With Everdale she posted two Western European League wins this season at Mechelen, Belgium in December and Amsterdam, The Netherlands in January as well as finishing second in London, Great Britain before Christmas and at the last leg in ’s-Hertogenbosch, The Netherlands last month.   

Add in the established and rising talent from the rest of the Western European League and those from Central Europe and North America along with the sole Pacific League contender, Melissa Galloway who brings Windermere J’Obei W, and the stage is set for an intriguing contest.


Repeat wins are a theme of this Final, and nobody has ever come close to matching the nine posted by The Netherlands’ Anky van Grunsven with her two great horses, Bonfire and Salinero, between 1995 and 2008.

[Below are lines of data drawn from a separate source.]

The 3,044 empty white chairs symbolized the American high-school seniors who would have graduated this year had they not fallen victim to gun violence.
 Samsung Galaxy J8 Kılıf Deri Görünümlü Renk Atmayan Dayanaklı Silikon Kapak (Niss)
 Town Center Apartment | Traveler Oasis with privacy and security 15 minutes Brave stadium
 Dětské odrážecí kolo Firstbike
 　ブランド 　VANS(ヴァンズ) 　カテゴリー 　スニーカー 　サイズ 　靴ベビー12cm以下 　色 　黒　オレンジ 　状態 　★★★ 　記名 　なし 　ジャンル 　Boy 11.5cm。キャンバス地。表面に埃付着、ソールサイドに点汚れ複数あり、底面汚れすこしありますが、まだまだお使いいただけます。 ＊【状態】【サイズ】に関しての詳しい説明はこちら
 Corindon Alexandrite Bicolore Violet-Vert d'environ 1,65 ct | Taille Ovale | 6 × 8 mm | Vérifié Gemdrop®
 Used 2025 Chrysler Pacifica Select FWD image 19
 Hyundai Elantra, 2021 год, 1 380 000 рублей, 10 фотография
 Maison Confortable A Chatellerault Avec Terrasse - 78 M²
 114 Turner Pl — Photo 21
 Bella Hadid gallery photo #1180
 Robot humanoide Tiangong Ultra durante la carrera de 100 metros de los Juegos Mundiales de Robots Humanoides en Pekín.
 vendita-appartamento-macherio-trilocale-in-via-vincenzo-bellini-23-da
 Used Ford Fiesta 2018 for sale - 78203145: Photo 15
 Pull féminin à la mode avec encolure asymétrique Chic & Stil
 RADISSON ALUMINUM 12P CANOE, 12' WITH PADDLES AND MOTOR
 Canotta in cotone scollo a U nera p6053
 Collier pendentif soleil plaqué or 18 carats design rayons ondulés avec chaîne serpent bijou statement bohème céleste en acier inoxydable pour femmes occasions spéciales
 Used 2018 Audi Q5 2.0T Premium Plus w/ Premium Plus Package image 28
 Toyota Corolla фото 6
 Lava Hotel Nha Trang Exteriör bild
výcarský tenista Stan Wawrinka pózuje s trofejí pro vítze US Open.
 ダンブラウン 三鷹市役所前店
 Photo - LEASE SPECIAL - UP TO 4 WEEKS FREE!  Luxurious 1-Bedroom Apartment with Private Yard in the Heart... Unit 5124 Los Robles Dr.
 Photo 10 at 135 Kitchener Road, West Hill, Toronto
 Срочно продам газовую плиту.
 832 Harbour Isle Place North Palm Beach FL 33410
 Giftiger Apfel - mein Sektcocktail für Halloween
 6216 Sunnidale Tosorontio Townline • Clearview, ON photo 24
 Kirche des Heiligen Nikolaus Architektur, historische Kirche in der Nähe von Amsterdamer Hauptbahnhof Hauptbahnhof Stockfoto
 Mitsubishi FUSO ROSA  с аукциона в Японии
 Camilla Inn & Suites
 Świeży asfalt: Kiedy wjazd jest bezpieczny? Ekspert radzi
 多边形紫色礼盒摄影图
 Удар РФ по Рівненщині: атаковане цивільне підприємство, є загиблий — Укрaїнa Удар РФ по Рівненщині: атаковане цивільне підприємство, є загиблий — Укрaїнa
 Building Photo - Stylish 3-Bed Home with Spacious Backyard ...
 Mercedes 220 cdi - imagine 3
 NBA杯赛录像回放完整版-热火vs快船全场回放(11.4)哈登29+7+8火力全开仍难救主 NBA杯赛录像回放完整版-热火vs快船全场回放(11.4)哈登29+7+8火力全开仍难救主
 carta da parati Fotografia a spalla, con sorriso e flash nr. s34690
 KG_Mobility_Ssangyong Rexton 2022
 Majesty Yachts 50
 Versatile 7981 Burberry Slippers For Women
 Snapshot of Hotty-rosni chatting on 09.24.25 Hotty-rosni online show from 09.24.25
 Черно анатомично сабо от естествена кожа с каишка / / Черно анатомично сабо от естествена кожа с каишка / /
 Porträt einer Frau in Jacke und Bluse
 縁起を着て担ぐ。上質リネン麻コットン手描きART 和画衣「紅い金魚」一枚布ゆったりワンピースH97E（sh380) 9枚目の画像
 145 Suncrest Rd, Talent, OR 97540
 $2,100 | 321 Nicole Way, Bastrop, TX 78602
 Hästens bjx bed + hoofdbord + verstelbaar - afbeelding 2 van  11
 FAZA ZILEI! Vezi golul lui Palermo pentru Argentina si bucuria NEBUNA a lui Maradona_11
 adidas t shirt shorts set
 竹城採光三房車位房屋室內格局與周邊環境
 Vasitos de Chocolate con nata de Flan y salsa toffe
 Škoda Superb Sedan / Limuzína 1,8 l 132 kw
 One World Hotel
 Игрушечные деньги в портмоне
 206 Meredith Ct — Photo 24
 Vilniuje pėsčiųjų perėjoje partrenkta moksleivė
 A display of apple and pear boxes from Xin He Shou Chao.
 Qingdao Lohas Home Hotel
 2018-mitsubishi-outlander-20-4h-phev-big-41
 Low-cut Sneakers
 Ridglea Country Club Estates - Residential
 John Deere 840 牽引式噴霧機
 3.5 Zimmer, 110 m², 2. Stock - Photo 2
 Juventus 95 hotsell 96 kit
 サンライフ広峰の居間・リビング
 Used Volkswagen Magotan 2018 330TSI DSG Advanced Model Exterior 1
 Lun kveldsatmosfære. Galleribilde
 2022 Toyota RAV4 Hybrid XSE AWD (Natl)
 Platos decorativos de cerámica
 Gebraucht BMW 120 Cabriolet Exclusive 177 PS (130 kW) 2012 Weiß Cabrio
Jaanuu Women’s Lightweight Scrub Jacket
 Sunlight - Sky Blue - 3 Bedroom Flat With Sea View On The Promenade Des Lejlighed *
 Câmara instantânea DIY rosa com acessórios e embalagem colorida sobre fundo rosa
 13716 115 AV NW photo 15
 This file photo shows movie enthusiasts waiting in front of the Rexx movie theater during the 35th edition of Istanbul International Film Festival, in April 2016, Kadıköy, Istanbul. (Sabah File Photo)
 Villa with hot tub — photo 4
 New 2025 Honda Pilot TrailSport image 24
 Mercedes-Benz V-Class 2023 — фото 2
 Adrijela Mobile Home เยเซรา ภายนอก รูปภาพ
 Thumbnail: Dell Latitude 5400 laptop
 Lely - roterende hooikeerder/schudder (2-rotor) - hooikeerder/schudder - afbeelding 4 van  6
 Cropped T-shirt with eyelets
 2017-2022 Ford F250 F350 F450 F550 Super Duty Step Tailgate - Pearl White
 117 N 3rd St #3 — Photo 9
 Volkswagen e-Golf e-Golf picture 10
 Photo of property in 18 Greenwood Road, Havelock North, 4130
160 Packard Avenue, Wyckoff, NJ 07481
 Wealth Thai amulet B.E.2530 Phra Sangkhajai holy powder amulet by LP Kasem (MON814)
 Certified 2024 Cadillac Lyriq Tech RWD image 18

However, no matter the result next week, no-one can rival Werth when it comes to sheer consistency as Riyadh 2024 will be the 24th FEI Dressage World Cup™ Final of her extraordinary career. 

More history will be written in the coming days, so don’t miss a hoofbeat….

More about the FEI Dressage World Cup™ 2024 Final:

The Ground Jury:

Level 4 Judges  

President - Hans Christian Matthiesen DEN

Janet Lee Foy USA

Peter Storr GBR

Elke Ebert GER

Thomas Lang AUT

Susan Hoevenaars AUS

Maria Collander FIN

Level 3 Judge

Eva-Maria Vint-Warmington EST

The Judges Supervisory Panel

Mary Seefried AUS

Liselotte Fore USA

The Timetable:

Grand Prix - Wednesday 17 April at 13.15 local time

Grand Prix Freestyle - Friday 19 April at 17.15 local time.  

The Competition Format:

FEI Grand Prix - drawn order, draw will take place on Tuesday 16 April at 20.00.

FEI Grand Prix Freestyle - all athlete/horse combinations who completed the FEI Grand Prix with a score of at least 65% will continue to the FEI Grand Prix Freestyle.